Chief Executive, Department of Natural Resources
DECISION ON JURISDICTION
Background:
This matter relates to a property at 77 Gracemere Street, Newmarket, and described as Lots 4 and 99 on RP 65941, Parish of Enoggera. The matter before the Court relates to the preliminary question of whether the Court has jurisdiction to hear the merits of the case in respect of an appeal against an annual valuation of the subject land at 1 October 1997, under the provisions of the Valuation of Land Act 1944. Mrs M Witheyman appeared and gave evidence on her own behalf.

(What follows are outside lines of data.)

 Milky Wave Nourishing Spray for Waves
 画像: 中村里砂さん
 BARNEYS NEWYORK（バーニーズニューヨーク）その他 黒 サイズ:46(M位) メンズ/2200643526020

Mr J O’Rourke, Principal Legal Officer, represented the respondent.
The Facts:
In order to understand the history of the appeal the following chronology of events needs to be considered:
· 9 March 1998 – The Chief Executive issued a valuation of the subject at $130,000;
· 20 April 1998 – Closing date for lodgment of objection with the Chief Executive.
· 23 April 1998 – Objection lodged with the Chief Executive claiming that the unimproved value should be $100,000.
· 12 May 1998 – The Chief Executive acknowledged the receipt of the objection under section 52(A)(2).
· 6 October 1998 – The Chief Executive issued his decision disallowing the objection, and confirming the unimproved value at $130,000.
· 17 November 1998 – Due date for lodgment of an appeal with the Land Court.
· 17 November 1998 – Notice of appeal received by the registrar of the Land Court.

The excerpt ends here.